Sodium levels in “fizzy” medications may increase cardiovascular risks

December 6, 2013

Taking effervescent, dispersible, and soluble medications that contain sodium long term increase the risk of cardiovascular events, including heart attacks and strokes, according to a study published in the British Medical Journal.

Taking effervescent, dispersible, and soluble medications that contain sodium long term increase the risk of cardiovascular events, including heart attacks and strokes, according to a study published in the British Medical Journal.

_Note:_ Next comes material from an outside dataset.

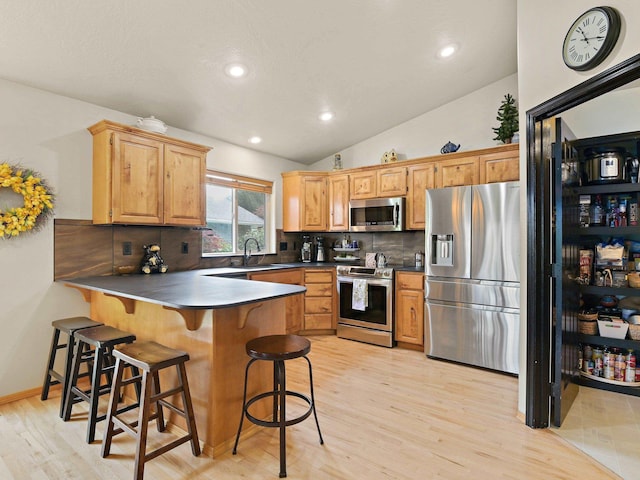 kitchen with decorative backsplash, kitchen peninsula, light wood-type flooring, stainless steel appliances, and sink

In a nested case control study conducted between 1987 and 2010, researchers from Britain's University of Dundee and University College London followed 1.29 million patients for an average of 7.2 years. The researchers found that patients and consumers of over-the-counter medicines-such as soluble aspirin, effervescent vitamin C, or Bayer's Alka Seltzer for example-long term increases the risk of strokes by 22%.

During this time, more than 61,000 so-called new cardiovascular events-including heart attacks and strokes-occurred in the patients being studied. Factors likely to affect the results--body mass index, smoking, alcohol intake, history of various chronic illnesses, and use of other medicines-were accounted for.

“We also found a 7 times increased risk of developing hypertension,” Jacob George, an honorary consultant in clinical pharmacology at Dundee who led the study, told Formulary. They found "fizzy" versions of painkillers, vitamin supplements, or other common medicines, taking the maximum daily dose would on its own exceed daily recommended limits for sodium, the main component of salt.

According to George, the study came about “completely out of the blue. One afternoon my pharmacist came to me complaining that she had a patient who had a stroke and couldn’t swallow and she needed to give him medications in a soluble preparation but these contained high amounts of sodium and he had a background of hypertension,” George explained.

“Taking these medications in the long term is associated with an increased risk of cardiovascular events,” he said. “There may be some patients for whom this is absolutely necessary [eg, difficulty swallowing tablets]. It is important that they, along with their doctor, make an informed decision to start or continue these medications based on the facts and the data from this study should help them do so.”